With early treatment, patients tend to have better responses to antipsychotic medications and experience better outcomes with social and vocational rehabilitation programs. In addition, early intervention has “a greater impact for psychological therapies that target residual symptoms, behavioral adaptation, and quality of life,” said Dr. Goldstein, who also is chief of the NIMH Preventive Intervention Program.

RAISE ETP

The RAISE ETP (Early Treatment Programs) trial pits the RAISE “Navigate” model for community-based treatment of patients with first-episode psychosis with standard care. Navigate uses a team-based approach to provide patients with individualized psychopharmacology, individual resiliency training, family psychoeducation, and supported employment and/or education, said coinvestigator Dr. Delbert G. Robinson of Hofstra North Shore-Long Island Jewish School of Medicine in Hempstead, N.Y.

Dr. Delbert G. Robinson
The medication component is supported by an online tool that can be used on desktop, laptop, and tablet computers. The tool combines clinician ratings, clinical findings, and patient self-reports to help identify the optimum medication for each patient.

In the ongoing RAISE ETP clinical trial, patients are randomized for a minimum of 2 years to the Navigate program or to a currently available treatment program at a community center. The programs are judged by clinical raters masked to randomization who conduct live, two-way video interviews to assess diagnosis and outcomes.

Although it is still too early to analyze the data, it is encouraging that the community centers participating in the trial were able to recruit 404 patients, and the study thus far has demonstrated that community centers with no previous experience in treating first-episode psychosis can provide integrated treatment, Dr. Robinson said.

“This is an RCT [randomized controlled trial] where the primary outcome measure is not symptoms, it’s quality of life,” he said.

RAISE Connection

The RAISE Connection Program is a two-site demonstration study of an intervention designed to limit the disability of patients with early-stage psychotic disorders by helping with recovery, empowerment, skills training, and personalized support, said Dr. Lisa B. Dixon, of the University of Maryland, Baltimore.

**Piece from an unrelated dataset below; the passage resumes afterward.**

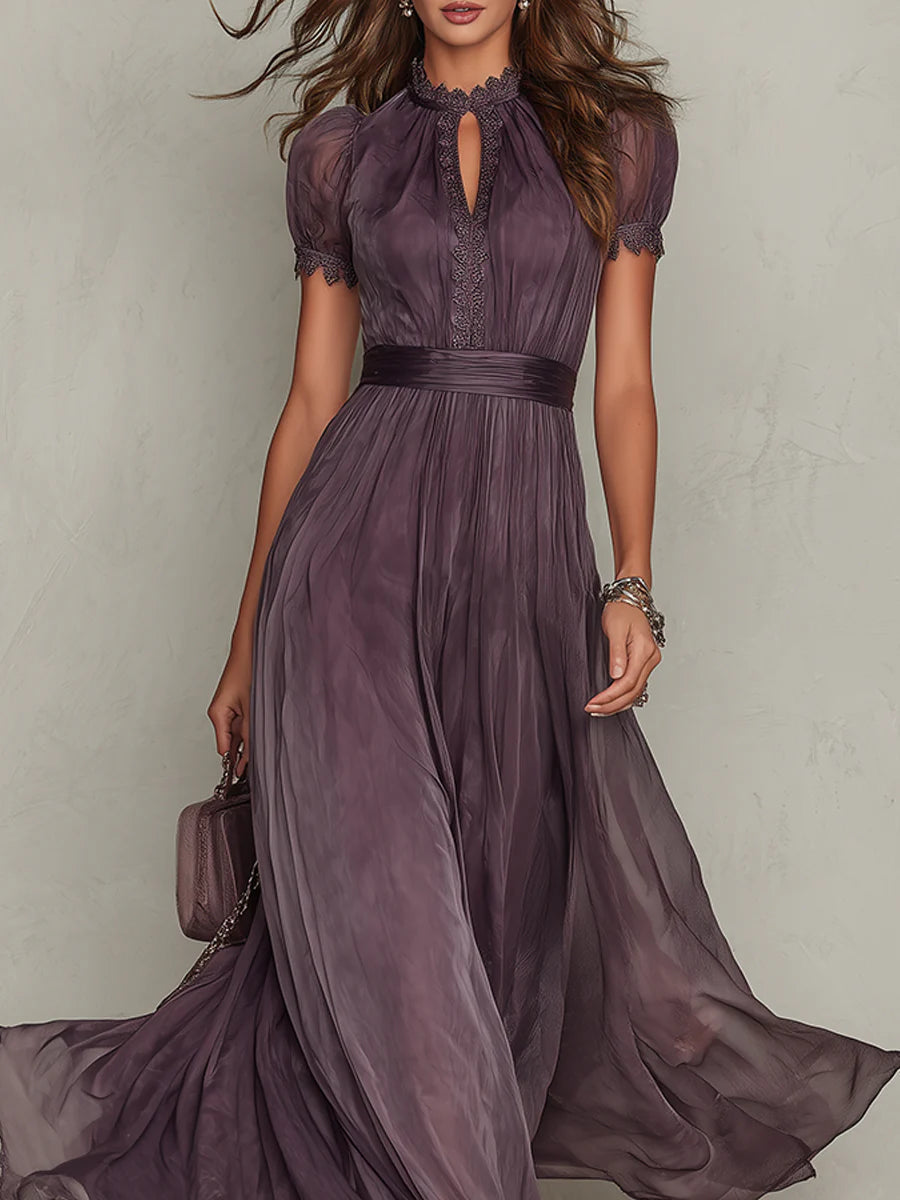Flavia - Women's long violet dress with keyhole neckline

“With first-episode [psychosis], you don’t have people who think they have an illness; in fact, in most cases, they’re quite certain they don’t. So part of what we’re doing is to try to help them set the stage and develop a set of attitudes and relationships to their illness that will be durable lifelong,” she said.

The Connection team includes a full-time master’s-level clinician as team leader; a 0.20-0.25 full-time equivalent psychiatrist; a full-time supportive employment and education specialist; and a half-time recovery coach who deals with issues of self-management, substance abuse, and family.

For the first 1-3 months, the team strives to develop trusting relationships with the patient and his family and to identify community support, minimize stigma, and maintain continuity of care. The care includes home visits, meetings with caregivers, escorting patients to treatment, if needed, and ensuring that they have adequate housing and financial resources.

Over months 4-21, the staff help patients with social skills, wellness, and communications by mediating conflicts and helping the patient and his family and friends with coping and relapse-prevention strategies.

In the final phase, usually months 22-24, patients are helped with the transition to long-term care and community support.

Dr. Dixon described the Connection program as a cross between Critical Time Intervention programs, Assertive Community Treatment interventions, employment agencies, and drop-in centers.

“This model best fits a region with sufficient population density to support a fully dedicated team. A very big challenge for the field is how to position this kind of a model within an overall treatment continuum,” she concluded.

Dr. Goldstein and Dr. Dixon reported that they had no relevant disclosures. Dr. Robinson has received grant support from the NIMH. Bristol-Myers Squibb and Janssen have supplied medication for the research.